Use it with the fit and predict methods from scikit-learn:

  • at fit, some parameters can be learned from X and y;

  • at predict, predictions will be computed using X using the parameters learned during fit.

  • at predict_proba, will output some probabilities instead.

The predict method can then be used by the score method:

  • at score, compute the accuracy score of the predictions.
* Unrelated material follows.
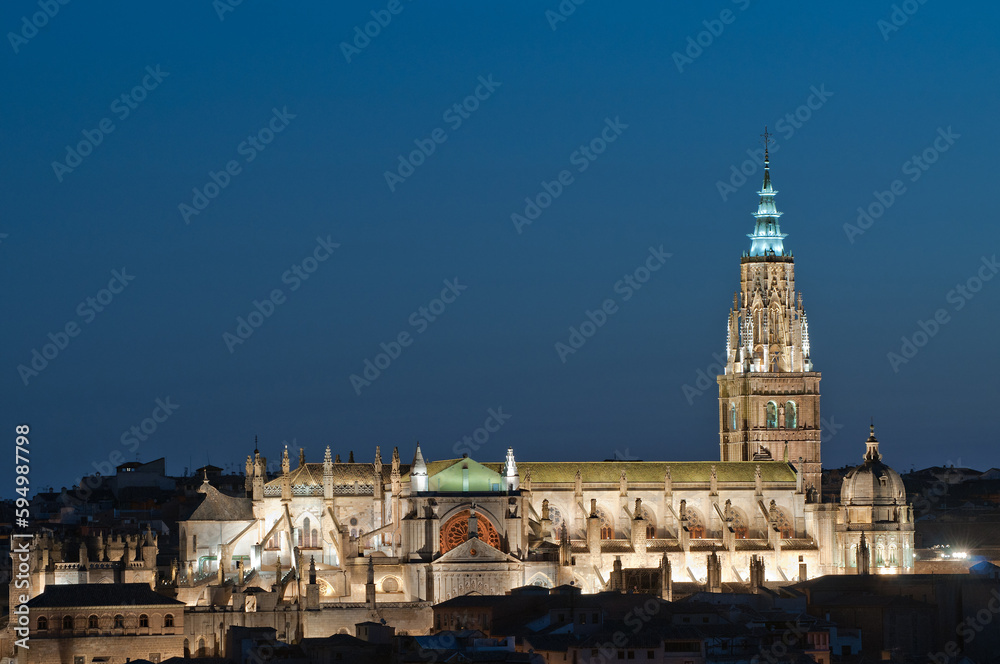 Celestial Splendor: The Nighttime Beauty of Toledo's Illuminated Cathedral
RankSimilarityClassifier and RSPClassifier are fit using two arrays: an array X of shape (n_samples, n_features) holding the training samples, and an array y of class labels (strings or integers), of shape (n_samples):

>>> from ranksim import RankSimilarityClassifier
>>> X = [[0, 1], [1, 0]]
>>> y = [0, 1]
>>> clf = RankSimilarityClassifier()
>>> clf.fit(X, y)
RankSimilarityClassifier()

Rank Similarity Classifier

The RankSimilarityClassifier works by fitting each class of data separately. This makes it suitable for multiclass data. More classes can actually make it faster because it splits the data into smaller segments.

Examples:

RSPClassifier

The rank similarity probabilistic classifier (RSPClassifier) fits all data together and then calculates posthoc the probability that each each filter belongs to a certain class. This makes it suitable for both multilabel and multiclass data.